#### [Required action]
If a line below falls between the line with "AgataRinaldi online show" and the line with "Magnífica casa en zona privilegiada", or is one of those two, output it exactly; output nothing else and no pictures.

#### [Records for this task]
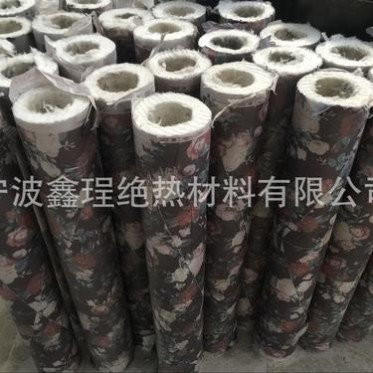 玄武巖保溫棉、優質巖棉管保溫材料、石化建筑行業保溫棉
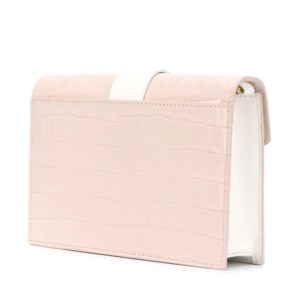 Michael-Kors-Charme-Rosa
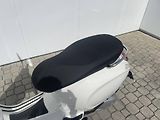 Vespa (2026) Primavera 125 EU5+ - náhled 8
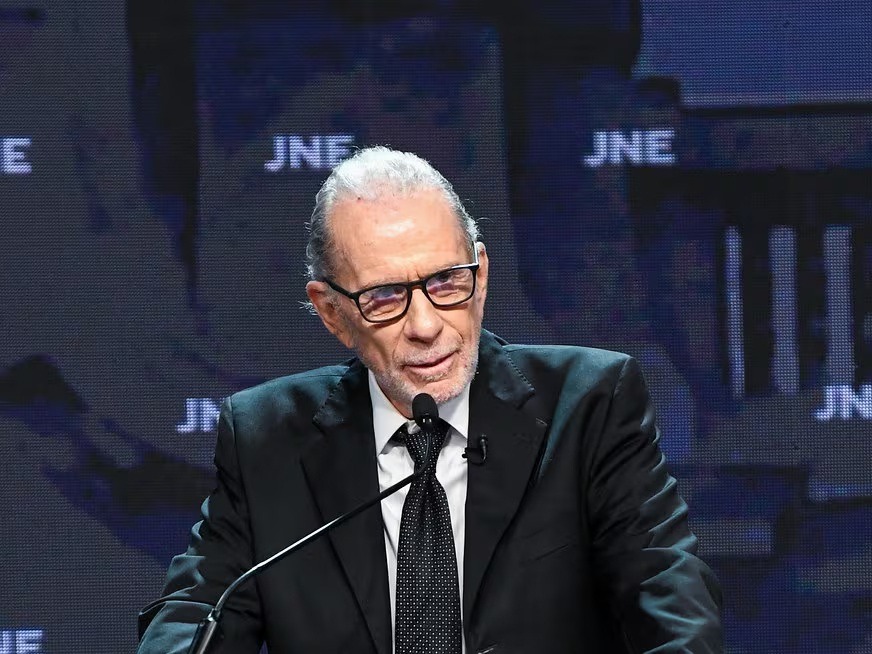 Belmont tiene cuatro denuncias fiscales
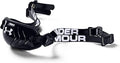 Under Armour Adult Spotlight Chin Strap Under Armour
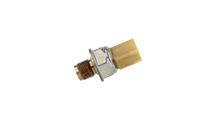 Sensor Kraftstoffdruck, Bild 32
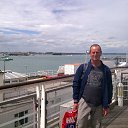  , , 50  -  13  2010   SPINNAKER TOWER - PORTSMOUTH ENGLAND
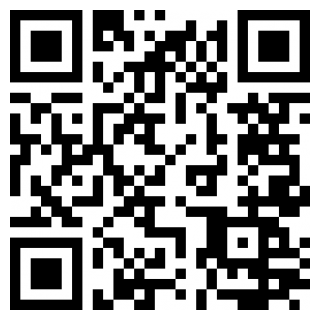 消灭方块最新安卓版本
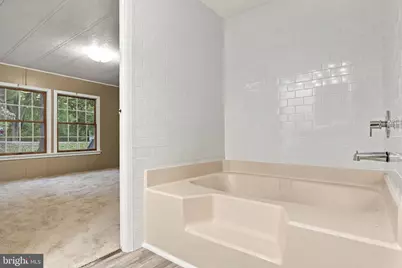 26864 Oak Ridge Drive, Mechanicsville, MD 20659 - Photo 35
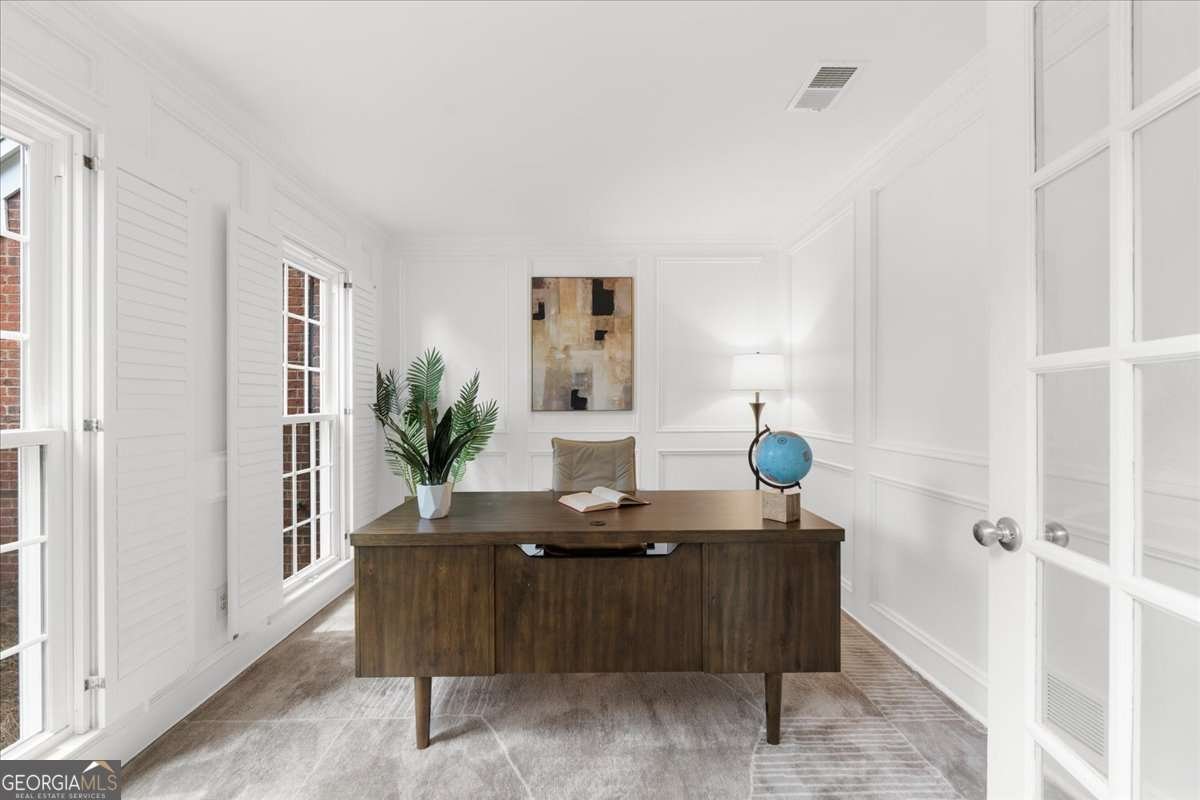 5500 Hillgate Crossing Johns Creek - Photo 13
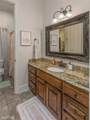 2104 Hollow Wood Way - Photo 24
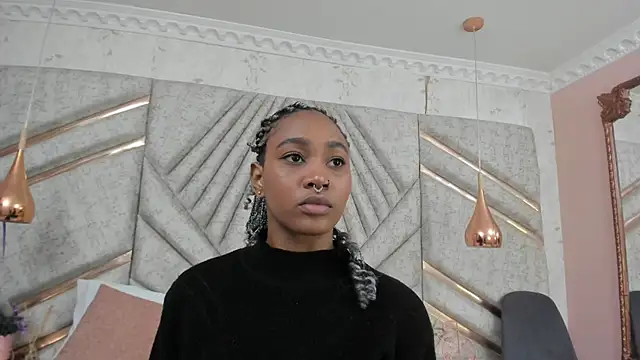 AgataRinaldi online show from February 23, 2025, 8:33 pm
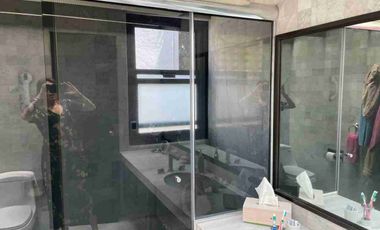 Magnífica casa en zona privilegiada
==
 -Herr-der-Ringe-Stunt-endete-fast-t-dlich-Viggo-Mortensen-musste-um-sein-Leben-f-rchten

#### [Exercise solution]
 AgataRinaldi online show from February 23, 2025, 8:33 pm
 Magnífica casa en zona privilegiada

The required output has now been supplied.